■ Task item ■
Apart from the images, reproduce all of the data word for word.
Raw data START
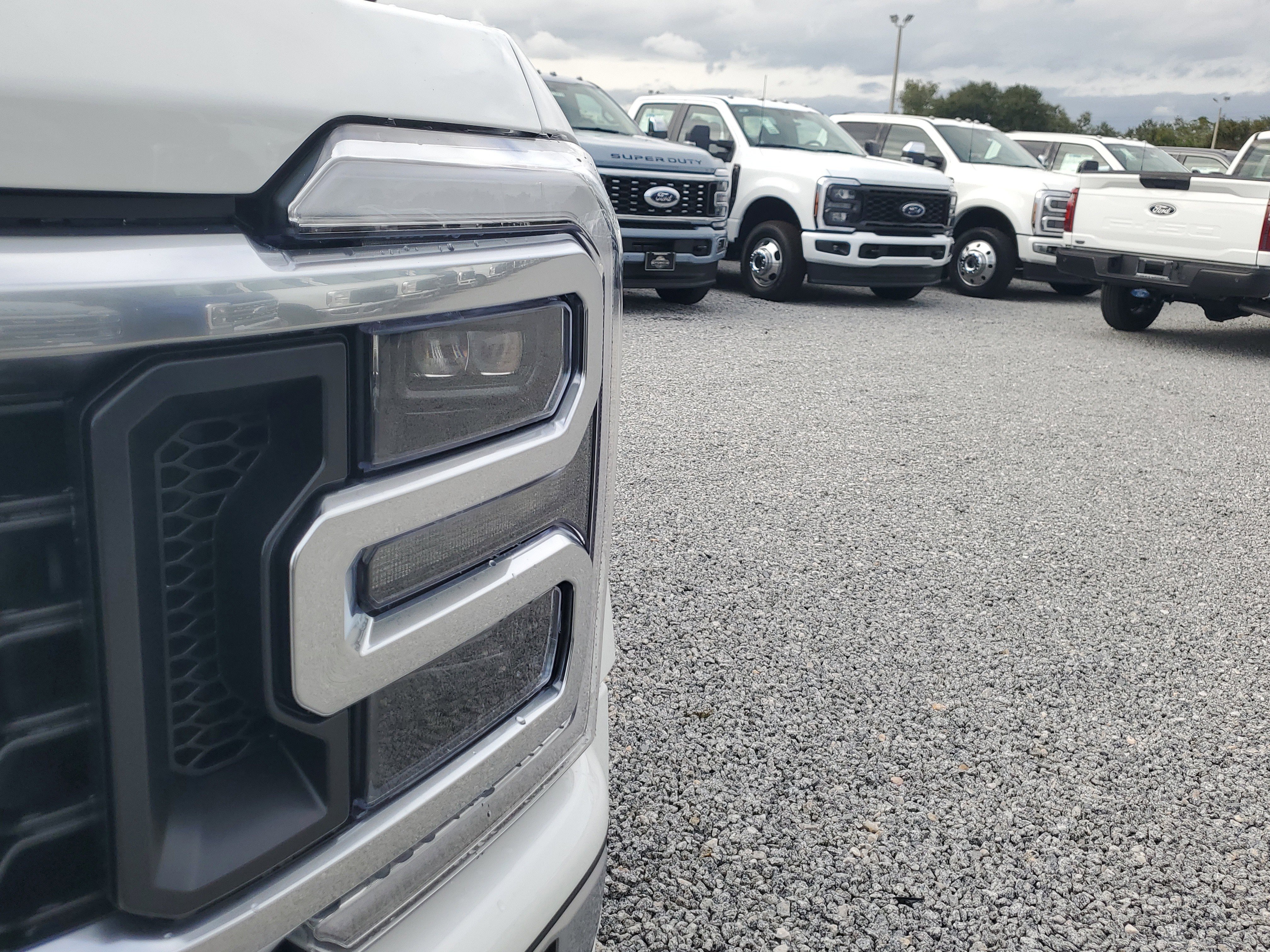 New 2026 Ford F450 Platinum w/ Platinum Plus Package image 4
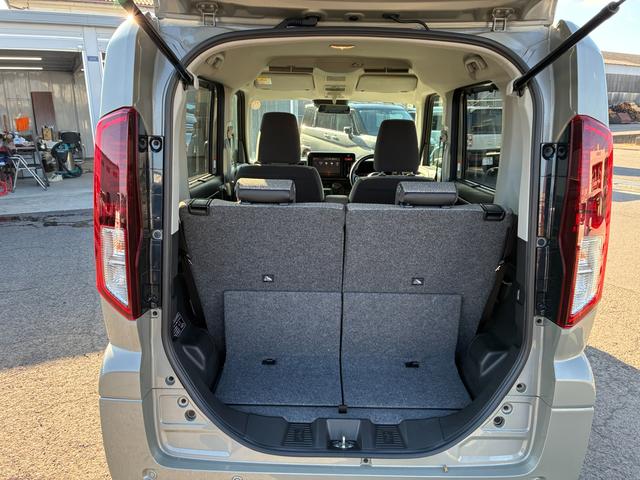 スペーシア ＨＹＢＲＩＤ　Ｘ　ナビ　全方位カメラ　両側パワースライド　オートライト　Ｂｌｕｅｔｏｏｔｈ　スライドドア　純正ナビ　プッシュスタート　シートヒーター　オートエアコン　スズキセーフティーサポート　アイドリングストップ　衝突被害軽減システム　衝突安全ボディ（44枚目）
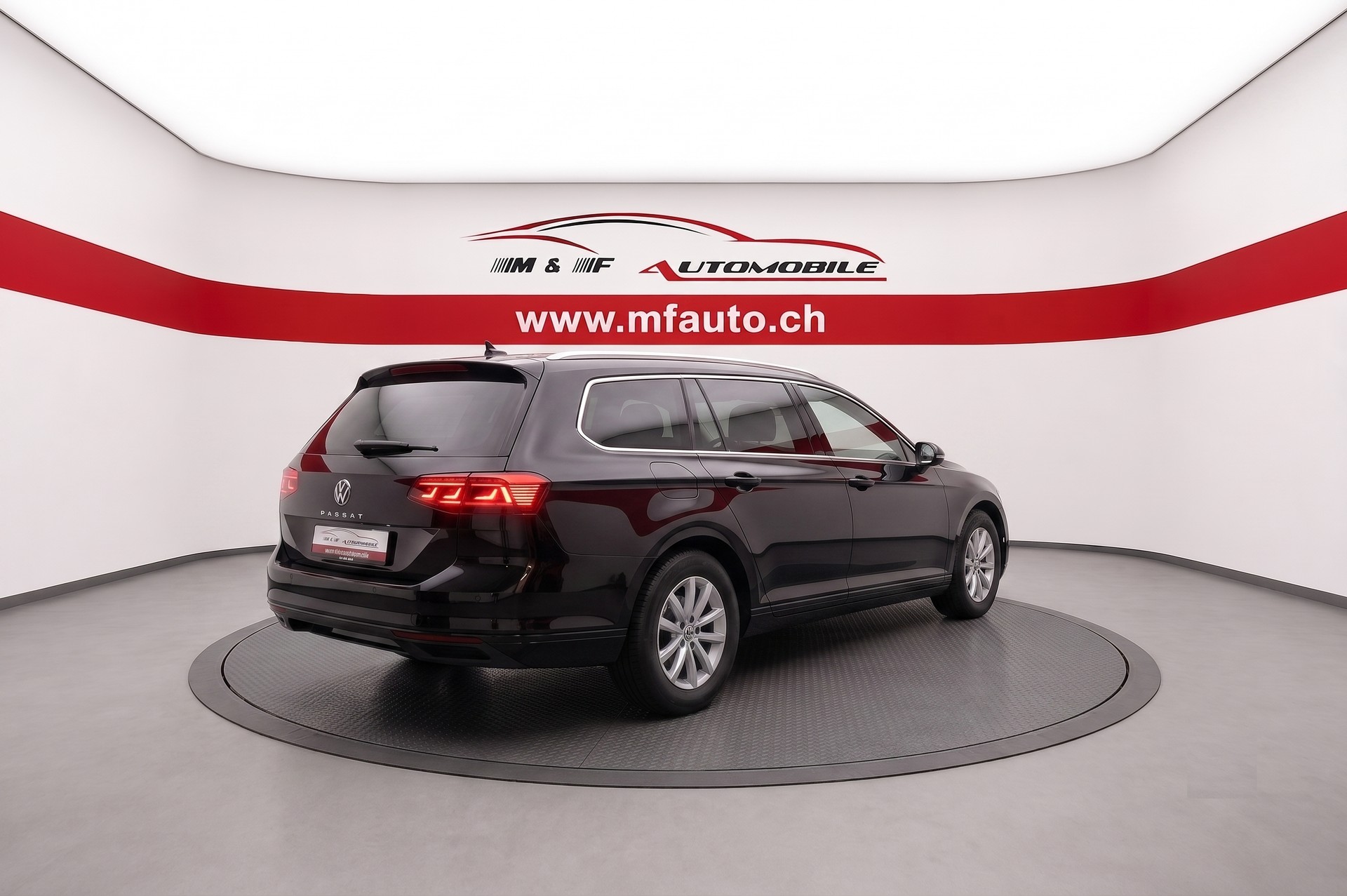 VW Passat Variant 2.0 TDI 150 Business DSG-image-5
Raw data END
■ Result for this exercise ■
 New 2026 Ford F450 Platinum w/ Platinum Plus Package image 4
 スペーシア ＨＹＢＲＩＤ　Ｘ　ナビ　全方位カメラ　両側パワースライド　オートライト　Ｂｌｕｅｔｏｏｔｈ　スライドドア　純正ナビ　プッシュスタート　シートヒーター　オートエアコン　スズキセーフティーサポート　アイドリングストップ　衝突被害軽減システム　衝突安全ボディ（44枚目）
 VW Passat Variant 2.0 TDI 150 Business DSG-image-5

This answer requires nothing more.